**Work required**
Your answer should be the lines from the start of the records through the line with "Niedlich Pink Bow", copied word for word.

Task inputs: Begin

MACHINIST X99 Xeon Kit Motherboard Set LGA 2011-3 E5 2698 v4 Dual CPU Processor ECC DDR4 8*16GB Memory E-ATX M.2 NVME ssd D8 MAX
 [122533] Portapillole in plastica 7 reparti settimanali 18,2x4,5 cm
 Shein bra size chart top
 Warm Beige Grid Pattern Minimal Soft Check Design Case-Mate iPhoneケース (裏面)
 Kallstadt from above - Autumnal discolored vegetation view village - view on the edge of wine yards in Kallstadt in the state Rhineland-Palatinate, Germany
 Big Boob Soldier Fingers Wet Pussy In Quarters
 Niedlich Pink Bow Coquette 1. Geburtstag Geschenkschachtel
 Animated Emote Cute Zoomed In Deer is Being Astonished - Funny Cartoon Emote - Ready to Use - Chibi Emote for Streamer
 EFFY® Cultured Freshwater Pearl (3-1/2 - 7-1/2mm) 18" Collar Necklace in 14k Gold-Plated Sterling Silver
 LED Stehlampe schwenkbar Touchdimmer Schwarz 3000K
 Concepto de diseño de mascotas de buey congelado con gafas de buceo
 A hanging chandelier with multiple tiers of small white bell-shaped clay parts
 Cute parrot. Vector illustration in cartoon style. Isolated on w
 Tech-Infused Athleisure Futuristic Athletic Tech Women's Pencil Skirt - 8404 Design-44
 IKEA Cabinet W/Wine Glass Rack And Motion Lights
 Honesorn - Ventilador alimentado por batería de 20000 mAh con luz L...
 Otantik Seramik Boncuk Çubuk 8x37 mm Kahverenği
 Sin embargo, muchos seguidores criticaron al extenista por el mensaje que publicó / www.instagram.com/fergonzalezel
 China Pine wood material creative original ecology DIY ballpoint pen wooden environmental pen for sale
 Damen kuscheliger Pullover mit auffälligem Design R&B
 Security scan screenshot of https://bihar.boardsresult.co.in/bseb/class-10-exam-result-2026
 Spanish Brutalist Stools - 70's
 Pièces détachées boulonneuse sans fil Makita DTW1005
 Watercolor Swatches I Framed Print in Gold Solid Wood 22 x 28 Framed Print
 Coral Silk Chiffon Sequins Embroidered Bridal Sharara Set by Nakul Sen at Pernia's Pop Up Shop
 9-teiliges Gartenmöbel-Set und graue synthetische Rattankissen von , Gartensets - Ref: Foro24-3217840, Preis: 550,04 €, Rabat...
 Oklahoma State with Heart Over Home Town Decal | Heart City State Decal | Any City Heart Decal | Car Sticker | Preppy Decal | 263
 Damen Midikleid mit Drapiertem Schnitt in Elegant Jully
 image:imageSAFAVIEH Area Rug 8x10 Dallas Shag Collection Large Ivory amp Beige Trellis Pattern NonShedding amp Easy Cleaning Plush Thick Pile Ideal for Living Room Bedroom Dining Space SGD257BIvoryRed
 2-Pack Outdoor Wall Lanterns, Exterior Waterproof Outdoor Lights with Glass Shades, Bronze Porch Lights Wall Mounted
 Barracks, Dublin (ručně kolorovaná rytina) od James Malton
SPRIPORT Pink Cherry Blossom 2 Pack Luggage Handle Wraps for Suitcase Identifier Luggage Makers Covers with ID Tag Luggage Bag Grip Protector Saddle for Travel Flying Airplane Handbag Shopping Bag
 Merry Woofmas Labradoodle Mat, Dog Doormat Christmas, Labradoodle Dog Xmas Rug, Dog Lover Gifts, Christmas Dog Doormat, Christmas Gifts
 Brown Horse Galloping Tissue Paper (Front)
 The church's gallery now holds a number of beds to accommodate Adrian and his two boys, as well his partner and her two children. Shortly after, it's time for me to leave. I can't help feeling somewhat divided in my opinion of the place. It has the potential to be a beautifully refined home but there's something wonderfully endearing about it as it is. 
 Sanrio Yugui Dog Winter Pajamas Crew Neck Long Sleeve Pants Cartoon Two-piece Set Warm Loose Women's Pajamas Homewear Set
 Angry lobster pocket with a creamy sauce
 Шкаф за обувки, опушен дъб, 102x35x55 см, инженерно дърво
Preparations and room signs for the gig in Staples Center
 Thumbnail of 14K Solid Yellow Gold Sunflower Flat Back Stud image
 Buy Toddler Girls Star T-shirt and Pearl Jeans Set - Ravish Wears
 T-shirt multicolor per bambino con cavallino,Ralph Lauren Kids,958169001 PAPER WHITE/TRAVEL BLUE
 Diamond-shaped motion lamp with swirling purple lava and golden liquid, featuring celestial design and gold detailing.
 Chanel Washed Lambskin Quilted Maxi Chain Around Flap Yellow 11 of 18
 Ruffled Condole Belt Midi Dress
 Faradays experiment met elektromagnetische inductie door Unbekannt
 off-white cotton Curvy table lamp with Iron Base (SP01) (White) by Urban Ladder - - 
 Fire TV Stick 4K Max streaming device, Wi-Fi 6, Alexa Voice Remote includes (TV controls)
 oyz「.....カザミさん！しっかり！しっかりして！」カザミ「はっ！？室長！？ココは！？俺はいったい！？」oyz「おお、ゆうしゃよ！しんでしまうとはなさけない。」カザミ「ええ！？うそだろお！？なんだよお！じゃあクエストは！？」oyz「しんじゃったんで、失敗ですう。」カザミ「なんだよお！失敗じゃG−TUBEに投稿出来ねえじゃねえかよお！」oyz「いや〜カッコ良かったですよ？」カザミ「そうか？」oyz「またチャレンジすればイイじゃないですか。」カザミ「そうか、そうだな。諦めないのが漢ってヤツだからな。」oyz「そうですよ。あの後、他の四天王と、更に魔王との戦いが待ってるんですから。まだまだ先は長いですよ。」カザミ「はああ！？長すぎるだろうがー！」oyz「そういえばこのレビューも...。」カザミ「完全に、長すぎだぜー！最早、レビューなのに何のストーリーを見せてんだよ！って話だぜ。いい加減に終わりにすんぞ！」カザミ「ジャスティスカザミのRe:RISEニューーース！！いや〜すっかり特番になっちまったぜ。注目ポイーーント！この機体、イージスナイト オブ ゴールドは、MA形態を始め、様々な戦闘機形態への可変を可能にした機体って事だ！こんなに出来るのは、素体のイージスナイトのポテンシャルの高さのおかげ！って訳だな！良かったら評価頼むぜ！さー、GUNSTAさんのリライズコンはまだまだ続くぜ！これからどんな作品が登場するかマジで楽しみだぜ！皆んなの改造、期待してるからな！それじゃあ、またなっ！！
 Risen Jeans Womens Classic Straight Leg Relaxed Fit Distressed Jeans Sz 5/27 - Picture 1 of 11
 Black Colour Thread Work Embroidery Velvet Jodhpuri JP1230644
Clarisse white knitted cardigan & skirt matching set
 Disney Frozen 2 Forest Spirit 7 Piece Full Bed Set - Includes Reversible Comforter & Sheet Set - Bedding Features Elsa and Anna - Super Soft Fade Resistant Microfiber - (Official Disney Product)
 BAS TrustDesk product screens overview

Task inputs: End

**Finished task**
MACHINIST X99 Xeon Kit Motherboard Set LGA 2011-3 E5 2698 v4 Dual CPU Processor ECC DDR4 8*16GB Memory E-ATX M.2 NVME ssd D8 MAX
 [122533] Portapillole in plastica 7 reparti settimanali 18,2x4,5 cm
 Shein bra size chart top
 Warm Beige Grid Pattern Minimal Soft Check Design Case-Mate iPhoneケース (裏面)
 Kallstadt from above - Autumnal discolored vegetation view village - view on the edge of wine yards in Kallstadt in the state Rhineland-Palatinate, Germany
 Big Boob Soldier Fingers Wet Pussy In Quarters
 Niedlich Pink Bow Coquette 1. Geburtstag Geschenkschachtel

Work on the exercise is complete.